I think I will put the gravel in then. I was planning on getting my ADFs from Petsmart because I heard that they keep them away from ACFs so they're safe.


----------



## lakemalawifish (Nov 24, 2012)

We used smooth sand for our African Dwarf Frogs because you will find that when they go up to take in air (which they need some room at the top of the tank to do that, so best to keep the water level dropped down some) after they go to the top and take in air they will nose dive back down to the bottom of the tank and if there are rocks, bare bottom, etc. they can hurt themselves. A soft sand landing is much easier on them. Also, when they shed their skin they thrash around a lot and again, the sand is just smoother for them.


----------



## Leopardfire (Sep 23, 2012)

I have a 10lbs of ecocomplete substrate left from my 20 gallon. It has small granules, but not quite sand. It is small enough for a from to swallow though, but so is sand. Would it be safe to use this and do I have enough?


----------



## lakemalawifish (Nov 24, 2012)

Not sure what size tank you are using for your African Dwarf Frogs, but usually you want 1 pound of substrate for each gallon of water in the tank. I would go ahead and use what you have and if it's not quite deep enough for your liking, or not enough cushion for your frogs, add some more when you can.
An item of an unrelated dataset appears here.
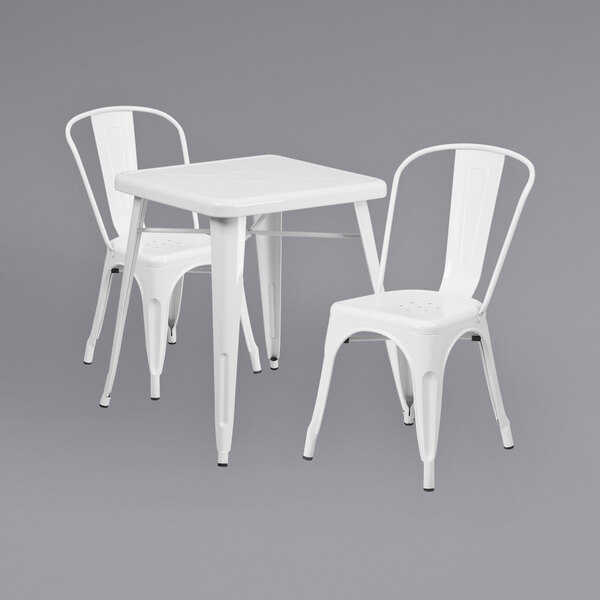 A Flash Furniture white metal table and chair set.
I used a terra cotta pot saucer "that sits underneath the pot to catch water". Put that in a corner of the tank where there's not as much water flow and either drop the food into the saucer, or use tongs or a turkey baster to place it there. The frogs will learn to go there for their dinner. If they ingest a small amount of sand it will not hurt them. But, most of the food will land in the saucer.


----------



## Leopardfire (Sep 23, 2012)

The saucer is a good idea. I have a 10 gallon tank and 10lbs of substrate so that should work. Do I have to dump out the tank to put in the substrate? It's cycling and it would be a ton of work to empty it and redoes the ammonia and everything.


----------